De lo que sí le servía a Jonás la parábola casi evangélica de la prima Marta (en bocas y lenguas de toda la ciudad, que a su vez era toda ella lengua y boca), era de apólogo moral y contraste entre la conducta de tía Clara, viajante a Madrid como enfermera política de un luchador por la libertad, gordo, feo y con verrugas, y la conducta de la prima Marta, que en seguida había desfallecido y, cansada de servir a señor que se le pudiera morir, eligió la comodidad de una barraganía para seguir viviendo o renunciando dulcemente a vivir.

Jonás, ahora, sabía que una mujer puede vivir toda la vida de lo que tiene entre las piernas, soltera o casada, honesta o deshonesta, y aquí descubría una de las trampas del mundo. Pero Jonás no era un moralista (aunque él creyese que sí), y todo esto, en fin de cuentas, le daba igual, aunque no le era indiferente saber que sus dos madres, tía Clara y tía Algadefina, nunca habían vivido, ni vivían ni vivirían de eso.
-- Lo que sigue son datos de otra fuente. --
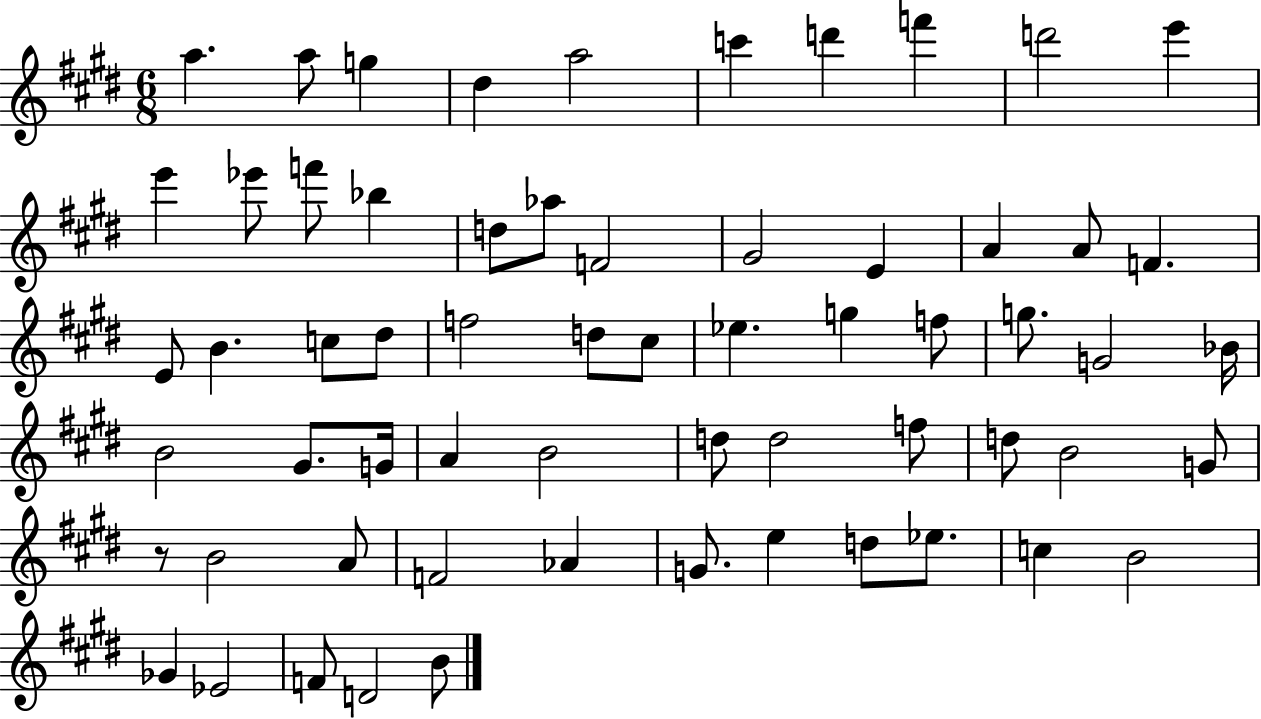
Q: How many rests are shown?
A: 1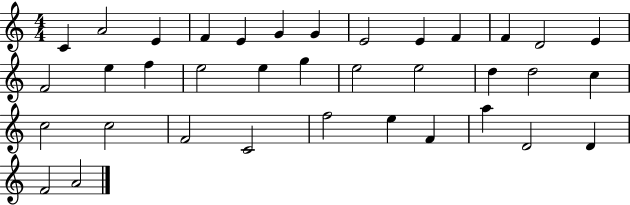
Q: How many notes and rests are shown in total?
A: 36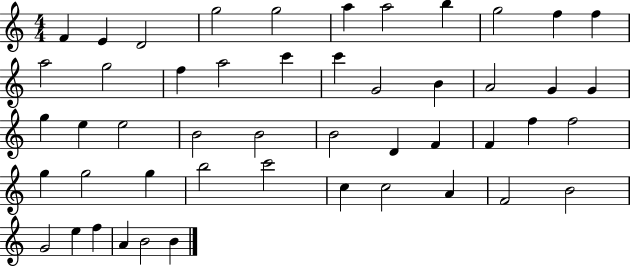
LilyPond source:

{
  \clef treble
  \numericTimeSignature
  \time 4/4
  \key c \major
  f'4 e'4 d'2 | g''2 g''2 | a''4 a''2 b''4 | g''2 f''4 f''4 | \break a''2 g''2 | f''4 a''2 c'''4 | c'''4 g'2 b'4 | a'2 g'4 g'4 | \break g''4 e''4 e''2 | b'2 b'2 | b'2 d'4 f'4 | f'4 f''4 f''2 | \break g''4 g''2 g''4 | b''2 c'''2 | c''4 c''2 a'4 | f'2 b'2 | \break g'2 e''4 f''4 | a'4 b'2 b'4 | \bar "|."
}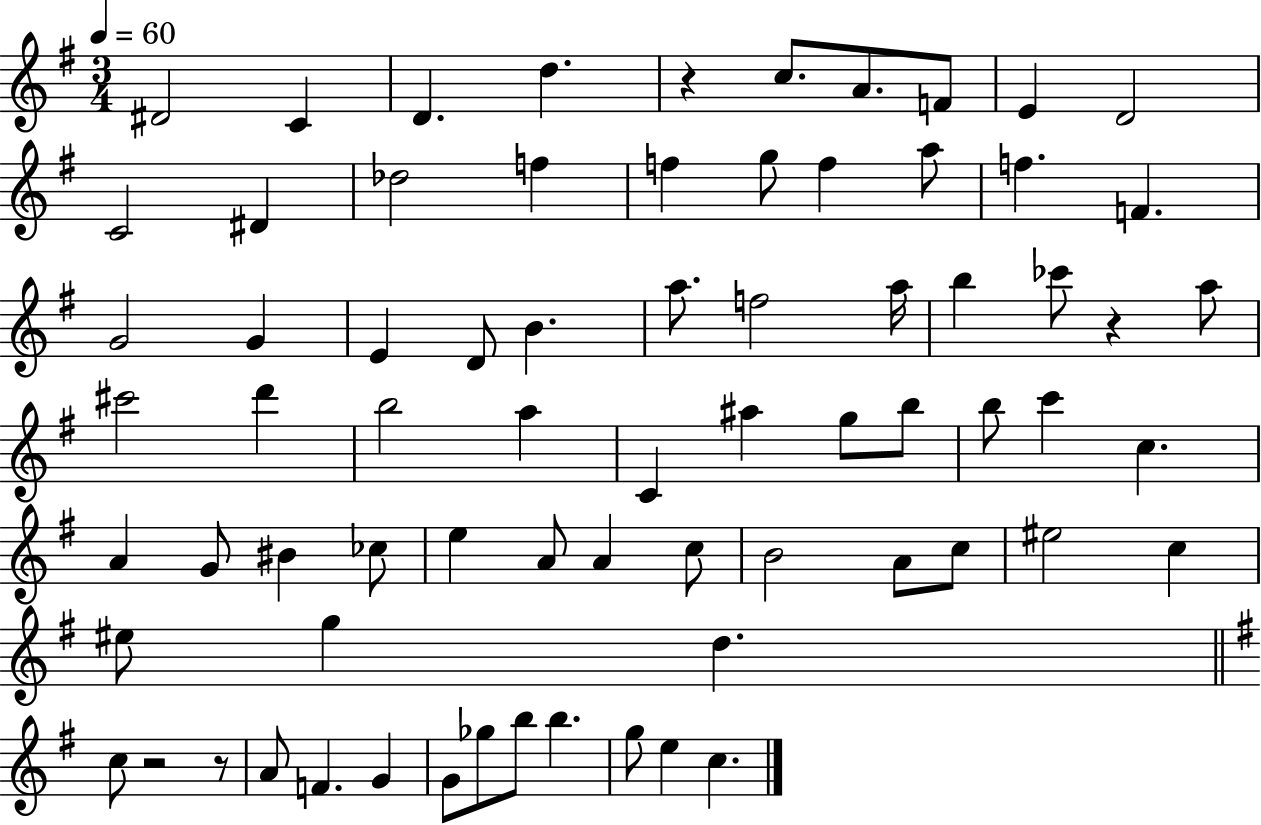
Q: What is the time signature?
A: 3/4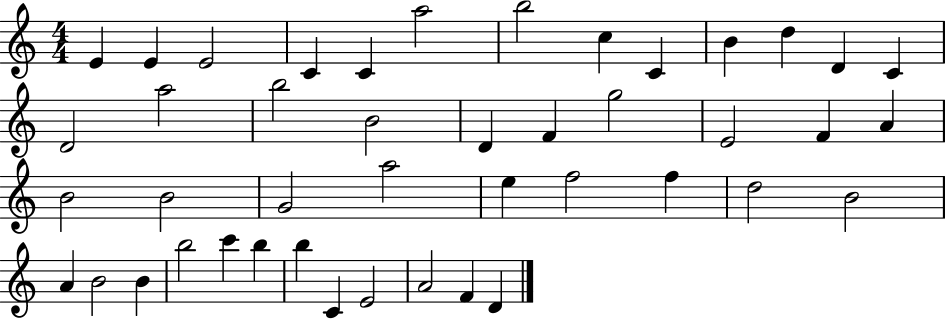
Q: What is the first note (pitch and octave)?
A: E4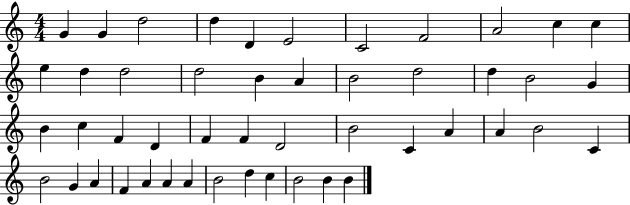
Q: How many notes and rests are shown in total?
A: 48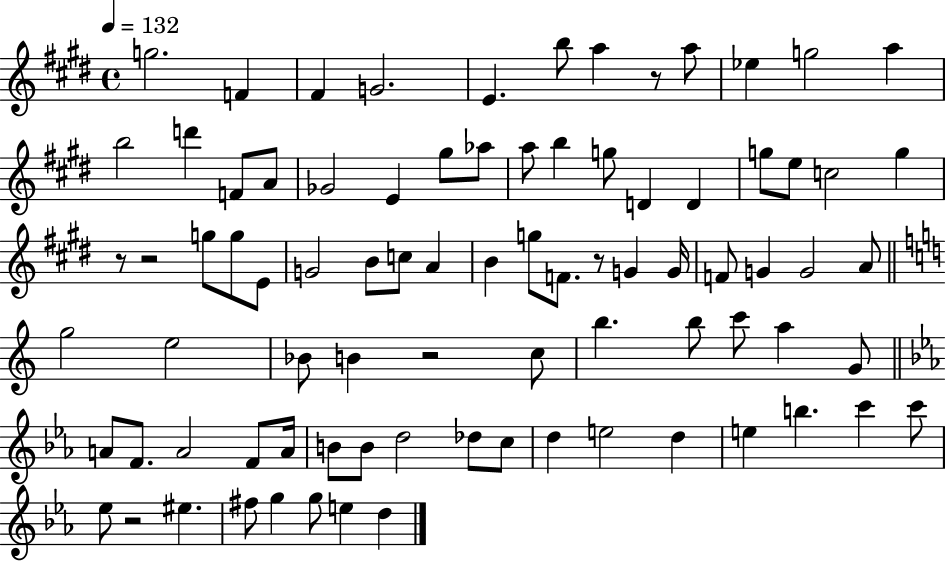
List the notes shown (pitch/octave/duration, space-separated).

G5/h. F4/q F#4/q G4/h. E4/q. B5/e A5/q R/e A5/e Eb5/q G5/h A5/q B5/h D6/q F4/e A4/e Gb4/h E4/q G#5/e Ab5/e A5/e B5/q G5/e D4/q D4/q G5/e E5/e C5/h G5/q R/e R/h G5/e G5/e E4/e G4/h B4/e C5/e A4/q B4/q G5/e F4/e. R/e G4/q G4/s F4/e G4/q G4/h A4/e G5/h E5/h Bb4/e B4/q R/h C5/e B5/q. B5/e C6/e A5/q G4/e A4/e F4/e. A4/h F4/e A4/s B4/e B4/e D5/h Db5/e C5/e D5/q E5/h D5/q E5/q B5/q. C6/q C6/e Eb5/e R/h EIS5/q. F#5/e G5/q G5/e E5/q D5/q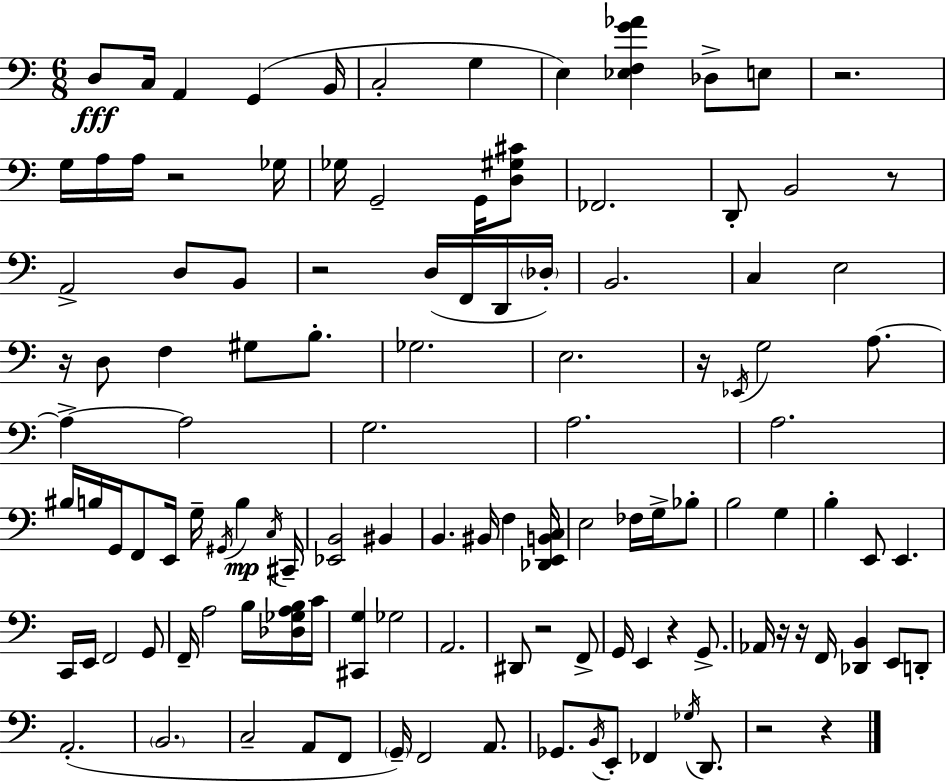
X:1
T:Untitled
M:6/8
L:1/4
K:C
D,/2 C,/4 A,, G,, B,,/4 C,2 G, E, [_E,F,G_A] _D,/2 E,/2 z2 G,/4 A,/4 A,/4 z2 _G,/4 _G,/4 G,,2 G,,/4 [D,^G,^C]/2 _F,,2 D,,/2 B,,2 z/2 A,,2 D,/2 B,,/2 z2 D,/4 F,,/4 D,,/4 _D,/4 B,,2 C, E,2 z/4 D,/2 F, ^G,/2 B,/2 _G,2 E,2 z/4 _E,,/4 G,2 A,/2 A, A,2 G,2 A,2 A,2 ^B,/4 B,/4 G,,/4 F,,/2 E,,/4 G,/4 ^G,,/4 B, C,/4 ^C,,/4 [_E,,B,,]2 ^B,, B,, ^B,,/4 F, [_D,,E,,B,,C,]/4 E,2 _F,/4 G,/4 _B,/2 B,2 G, B, E,,/2 E,, C,,/4 E,,/4 F,,2 G,,/2 F,,/4 A,2 B,/4 [_D,_G,A,B,]/4 C/4 [^C,,G,] _G,2 A,,2 ^D,,/2 z2 F,,/2 G,,/4 E,, z G,,/2 _A,,/4 z/4 z/4 F,,/4 [_D,,B,,] E,,/2 D,,/2 A,,2 B,,2 C,2 A,,/2 F,,/2 G,,/4 F,,2 A,,/2 _G,,/2 B,,/4 E,,/2 _F,, _G,/4 D,,/2 z2 z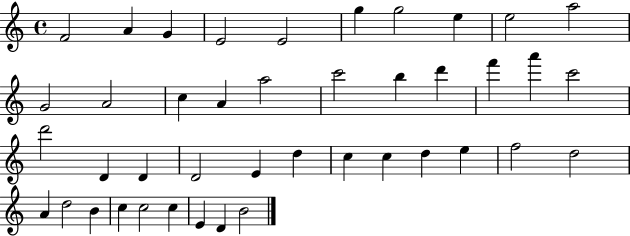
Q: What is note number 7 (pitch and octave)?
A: G5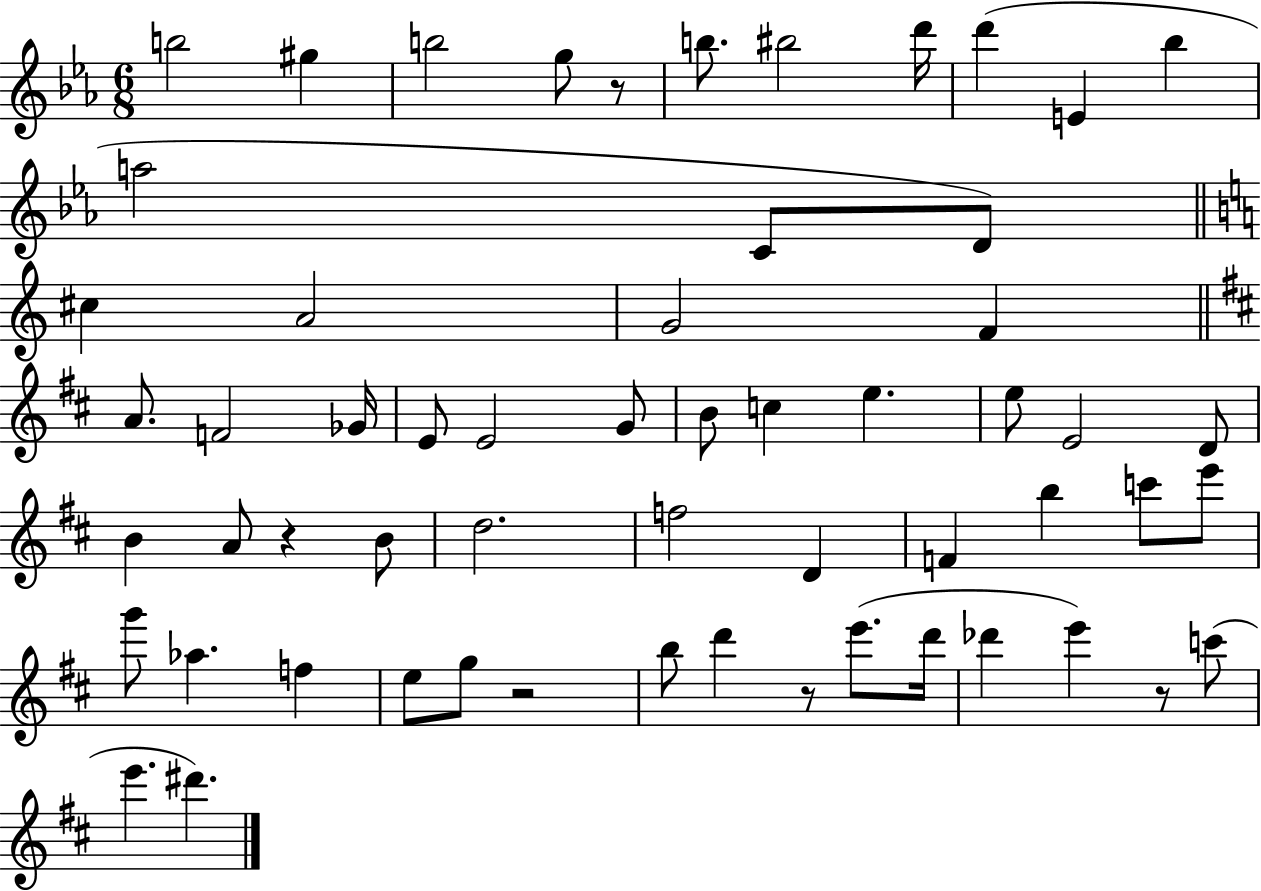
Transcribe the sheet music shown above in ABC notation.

X:1
T:Untitled
M:6/8
L:1/4
K:Eb
b2 ^g b2 g/2 z/2 b/2 ^b2 d'/4 d' E _b a2 C/2 D/2 ^c A2 G2 F A/2 F2 _G/4 E/2 E2 G/2 B/2 c e e/2 E2 D/2 B A/2 z B/2 d2 f2 D F b c'/2 e'/2 g'/2 _a f e/2 g/2 z2 b/2 d' z/2 e'/2 d'/4 _d' e' z/2 c'/2 e' ^d'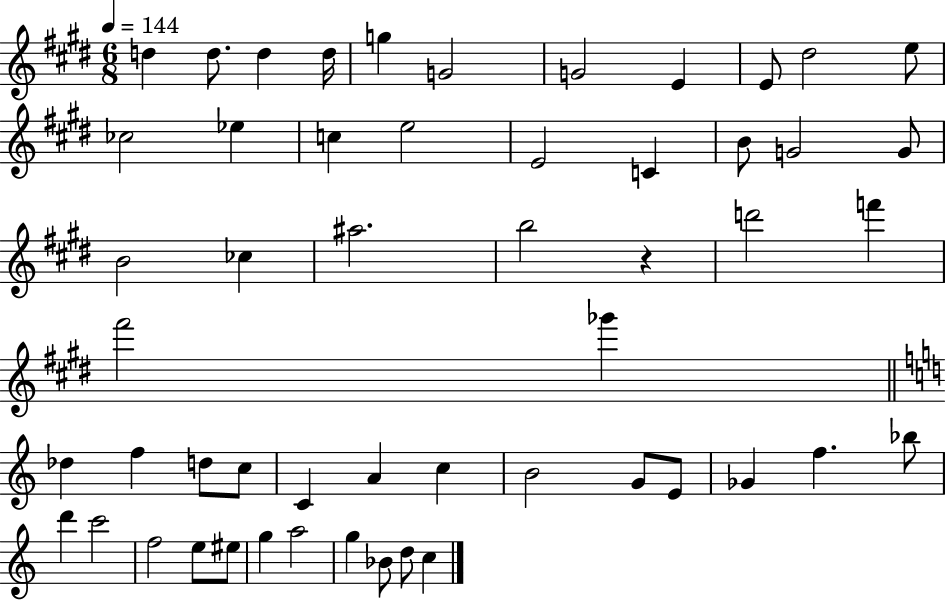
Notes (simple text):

Y tan no le importaba a Jonás el pecado de barraganía que más de una vez se convirtió, a petición y propina de la prima Marta, en mensajero y celestineador entre la bella solitaria y el escueto alemán, con mensajes breves y pequeñitos de ella a él, cuando la donna estaba con la regla o le engañaba, reglas aparte, con un nuevo teniente de la Academia. Pues que la barraganía es barroca y se complica, encima (o debajo) con la traición al que paga.

Todo esto lo había leído Jonás en los clásicos, Rojas, Quevedo y otros, como mero recurso literario, pero ahora descubría que no era sino el tejido tupido y continuo de la vida española. O sea que los clásicos eran verdad. Quizá por eso eran clásicos.

«Decididamente, la literatura no enseña más que literatura, como dice Unamuno que el ajedrez sólo enseña a jugar al ajedrez. La literatura no se hace verdad hasta que uno no la contrasta con la vida. Claro que la literatura tampoco necesita ser verdad, sino su verdad.»

Casa de la prima Marta, recoleta y con un jardincillo previo y empolvado. Casa como de muñecas, de aquella muñeca grande, hermosa y pervertida que era ya la prima Marta. Casa del señor alemán del pelo blanco, o mejor oficina, con suelos encerados, alfombras y laboriosos silencios. Olía a cera roja y máquina de escribir. El alemán daba la mano a Jonás de una manera casi militar, abría y leía despacio la pequeña carta, perfumada y rosa, de la prima Marta, y Jonás, sentado ante él, no descifraba en aquel rostro extranjero, exento de la gestualidad española, si se había creído o no se había creído el engaño, engaño que él, Jonás conocía previamente, pues que había visto un caballo africano atado en la esquina de la calle remota y recogida de prima Marta.

En todo caso, el alemán le daba a Jonás la propina de final de trayecto (más generosa la alemana que la española, como de moneda más fuerte), y Jonás debutó por entonces de cínico (lo que iba a ser ya toda la vida), haciendo de recadero de la traición y cobrando de ambos, como en Rojas, justo como en Rojas.